Tenemos una clase política infame, plagada de oportunistas ignaros y narcisos. Niños y niñas pijos y pijas, de buena familia, bien alimentados, bien forrados de grados académicos, cuyas apariciones públicas no tienen más objetivo que hacerse un selfie, no importa el lugar ni la circunstancia. Ayer se retrataron en el campo de concentración nazi de Mauthausen, el campo de los españoles, donde fue exterminado por el hambre, el trabajo esclavo, las palizas, el gas y las balas lo que quedaba del ejército de la república, el último adarme de decencia y de verdadero heroísmo en una Europa anegada por la noche y la niebla fascistas. Donde los supervivientes recibieron a las fuerzas de liberación aliadas con una gran pancarta de bienvenida en español. Los gobiernos del régimen del setenta y ocho han ignorado durante décadas a los españoles que murieron por la libertad y la democracia, ya fuera en la península o en el continente, como si el olvido fuera prerrequisito de la estabilidad de esta nueva democracia, incompatible, al parecer, con la que le precedió cuarenta años atrás. Los homenajes oficiales han sido pocos, tardíos y cautelosos. Bien está, si así lo quieren, pero ¿era necesario enfangarlos con una tangana? Ayer lo hicieron los que presumen de herederos de las víctimas.

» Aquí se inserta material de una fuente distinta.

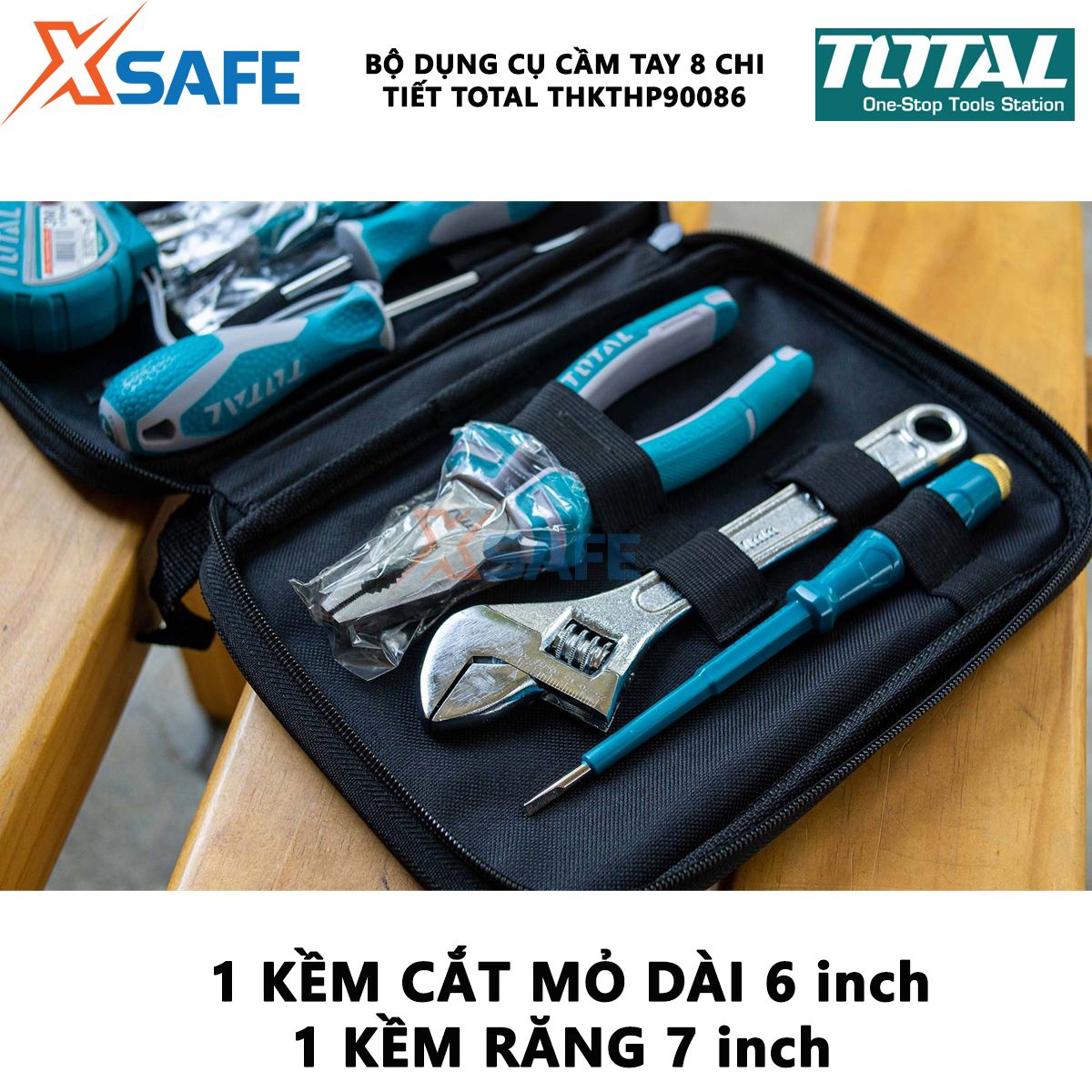 Bộ đồ nghề cầm tay 8 chi tiết TOTAL THKTHP90086 | bộ 8 dụng cụ cầm tay gồm thước cuộn, tua vít, mỏ lết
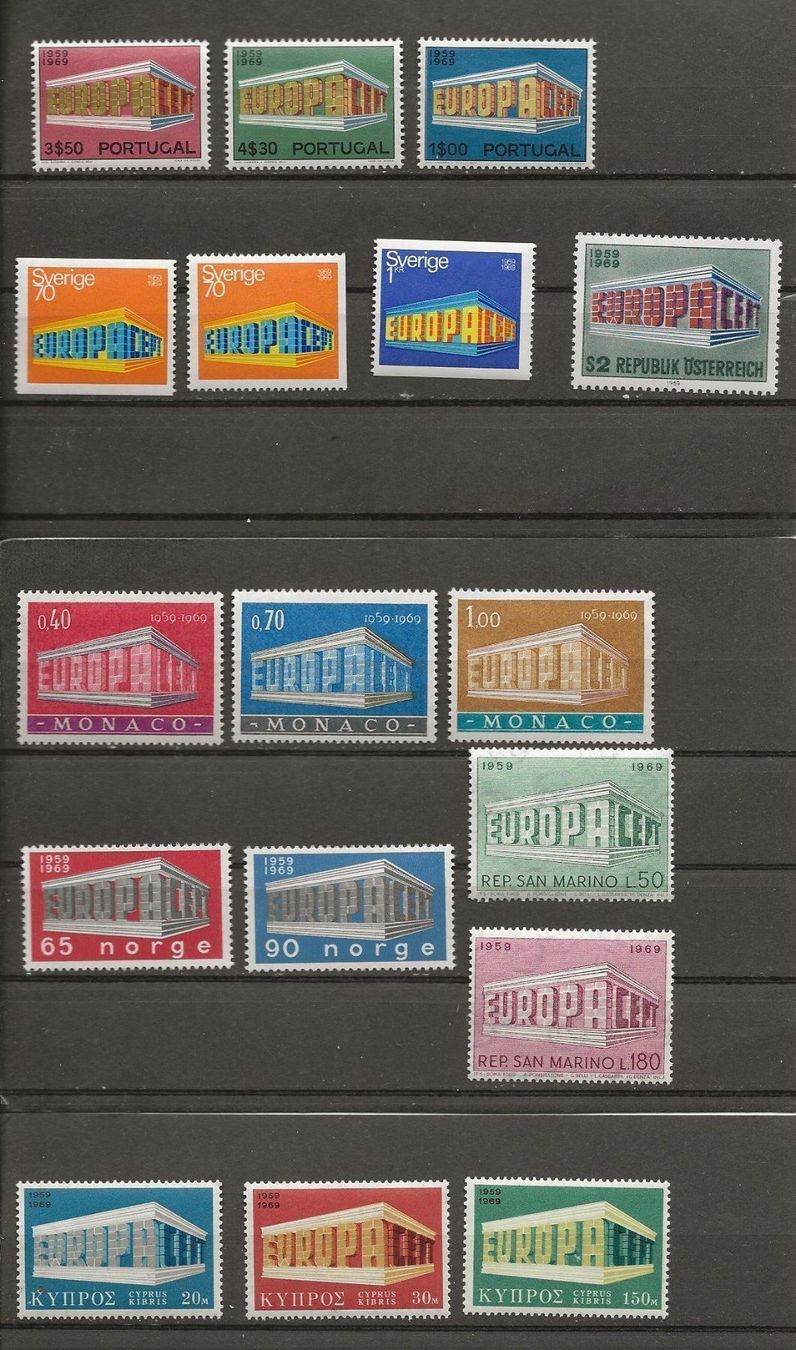Tutti i francobolli: Europa tous les pays 1969 ** – Usato da Sion venduto da PierreP01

Los campos levantados por los nazis para la liquidación de sus enemigos son los únicos lugares que quedan en Europa a los que se puede aplicar el adjetivo de sagrado. No solo son cicatrices dolorosas para los (pocos) supervivientes de aquel horror y para sus descendientes sino que constituyen el más poderoso recordatorio de un mal que puede considerarse absoluto. El visitante de estos lugares se ve envuelto en una atmósfera que reclama silencio y meditación porque le avisa del abismo en que pueden caer él y los suyos, ya sean como víctimas o como verdugos. En Mauthausen ingresaron como cautivos siete mil quinientos españoles que habían prestado su último servicio en defensa de la democracia reclutados en las compañías de trabajo del vencido ejército francés. El régimen de Franco rechazó que fueran devueltos a España y Hitler los consideró apátridas con la etiqueta de rojos españoles con la que fueron conducidos a Mauthausen, donde perecieron unos cinco mil. Una parte de estos deportados eran catalanes, como el fotógrafo Francesc Boix y el escritor Joaquim Amat Piniella, ambos supervivientes, a los que la humanidad debe imborrables testimonios de aquel infierno.

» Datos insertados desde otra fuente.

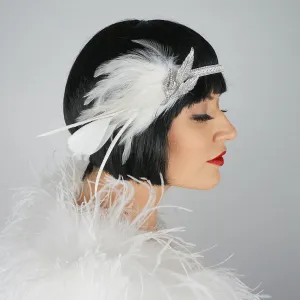 Gatsby Feather Headband w/Rhinestone Leaf - White and Silver
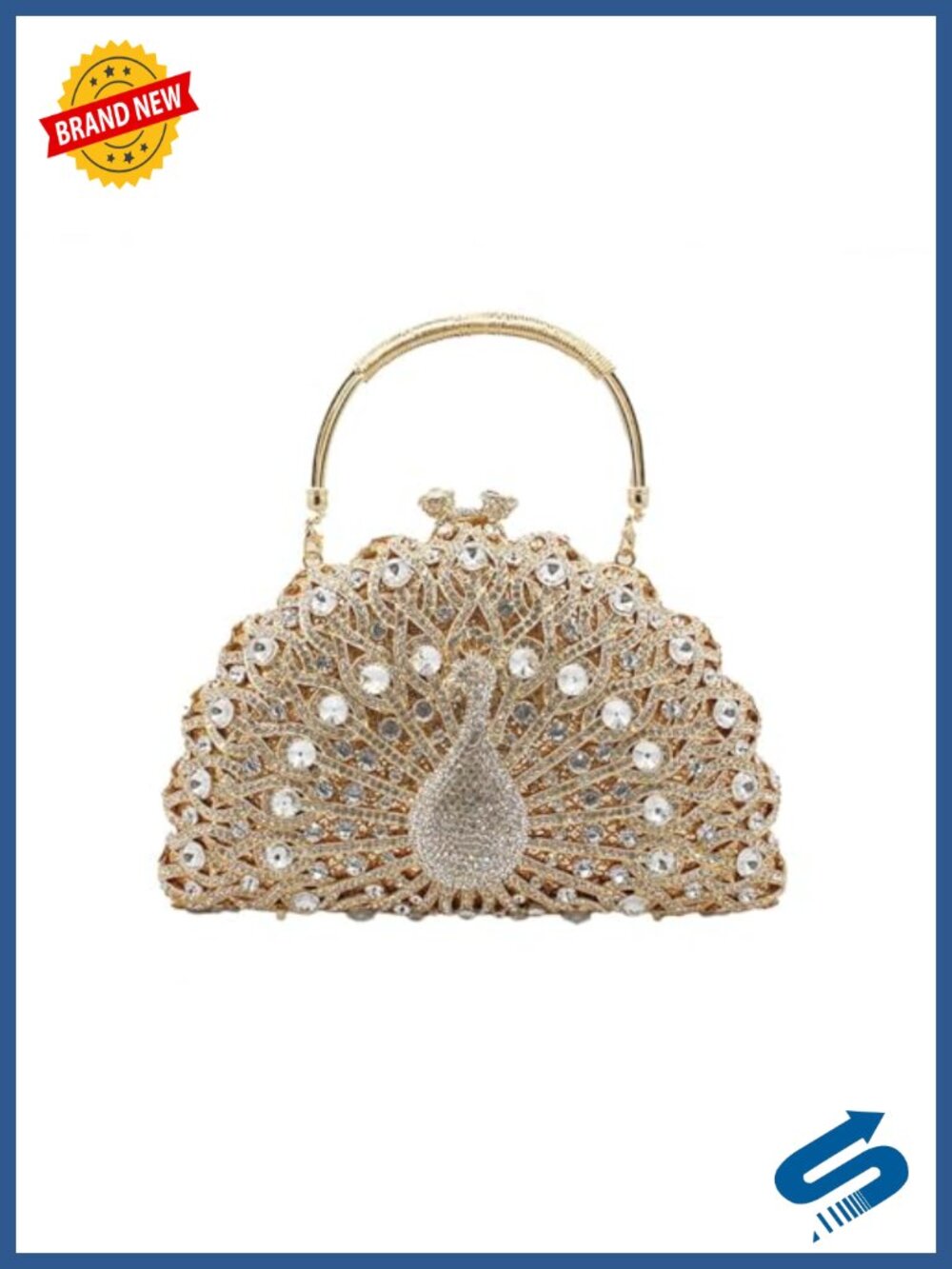 Rhinestone Peacock Evening Clutch Purse Sparkling Wedding Party Bag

Pues bien, resulta que catalanistas y españolistas, ambos sobreactuados, han terminado por enmierdar las tumbas de Mauthausen con los desperdicios del picnic doméstico. Solo a nuestra clase política se la habría ocurrido celebrar tras las alambradas un after de la bronca que se traen en casa, bien cargados de pastillas euforizantes como presos políticos o estado de derecho, imprescindibles para el navajeo en un país en el que todo parece una maldita broma, desde la república catalana hasta las resoluciones de ida y vuelta de la junta electoral. La independentista catalana provoca deliberadamente a la ministra española con la murga de los presos políticos y esta responde muy digna yéndose del acto con la atención puesta en los españolistas que la vigilan desde casa, y a los que les importa un carajo Mauthausen y lo que significa. Bien, estos son a los y las que hemos elegido hace una semana.